I have been running an old dangerous Stihl 041AV (untill now) I nearly took my leg off after a vicious kickback on a steep mountain slope. I Wanted something that would ba as durable as Tiny (041AV). I looked at Huskys, and noted that they are plastic shells, like the consumer Stihls.My questions for you devout Husky guys, have you ever broken or destroyed a husky due to a tumble down a hill (the saw, not you!).I purcahced a Stihl 036 Pro due to proportionate size, weight, and performance of the saw compared to my 041.


----------



## StIhL MaGnUm (Oct 4, 2002)

Almost all of the people I know have never broken a Husky case by dropping it etc..but a few have been broken by a skidder from time too time,all the stihls are plastic as well I don't know how you got a metal one my 044 MAg is plastic and my 064AV also...

Later Rob..


----------



## xander9727 (Oct 5, 2002)

088 for big hardwoods. Did the muffler and liked the power increase, but......I'm used to it now so I'll be boxing it up and sending it to KD. Been cutting quite a few large oaks lately 40"dbh and an 088 makes quick work of them. I don't have anything against Husky saws I just don't own one. Might try a 335 cali out. Talked to Ken and he said he told me the 088's have been making more power than the 3120. Alot of it comes down to the chevy/ford arguement. Use what works best for you.


----------



## rbtree (Oct 5, 2002)

Dennis,

Walker's dyno specs, while they may not be accurate, show a 48% hp gain for the 346. I'm sure mine, which you did, is better. 48% on top of the factory specs of 3.4 hp =5.0 hp. That seems about right, as mine was a tad behind a 5.4 hp Stihl 038 Magnum ll. But it might have kept up if the chains had been the same. 

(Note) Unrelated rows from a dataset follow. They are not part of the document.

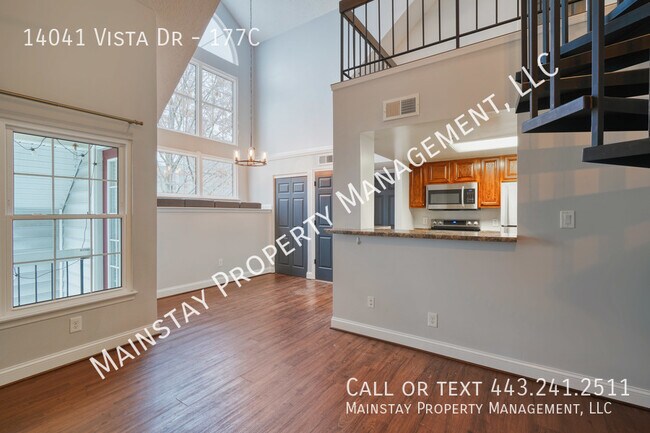 Building Photo - Beautiful 1 Bedroom Condo W/ Bonus Loft Sp...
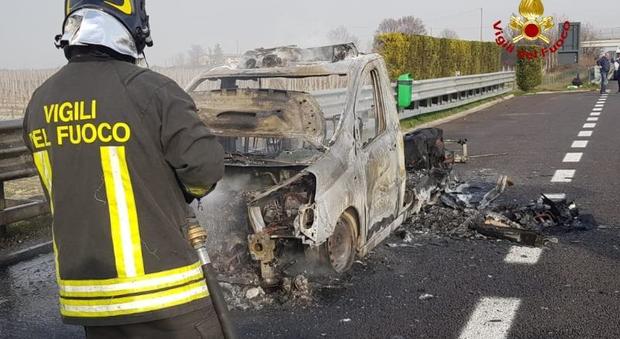 Incendi in A4, distrutto un furgone In fiamme anche un semirimorchio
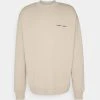 Samsøe Samsøe NORSBRO CREW NECK - Sweatshirt Men -Univers de la Mode Boutique 8b6a19609d9543f7ae130d3fdfadb638 4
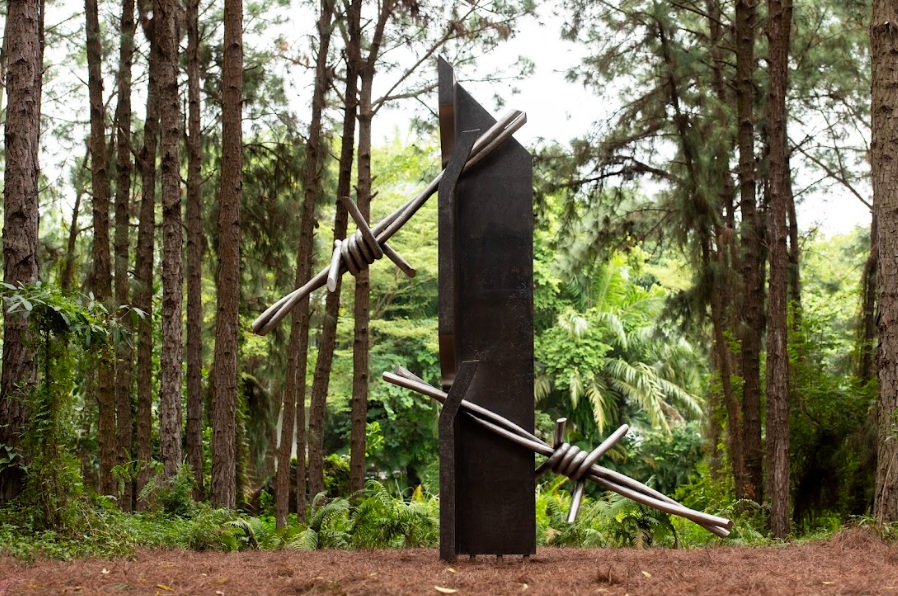 Bảo tàng ngoài trời nằm giữa rừng thông đang gây sốt: Cách Hà Nội hơn 1 tiếng lái xe, quy tụ hơn 100 tác phẩm được dàn dựng giữa không gian ngập nắng và gió- Ảnh 4.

Simply put,it is an amazing machine.


----------



## Ryan Willock (Oct 5, 2002)

i used my 346 quite a bit today and the more i use it the more i like it


----------



## StIhL MaGnUm (Oct 6, 2002)

Ryan,

So now how does a 372XP look   

Later Rob.....


----------



## Ryan Willock (Oct 6, 2002)

haven't gotten one yet but all in good time.....


----------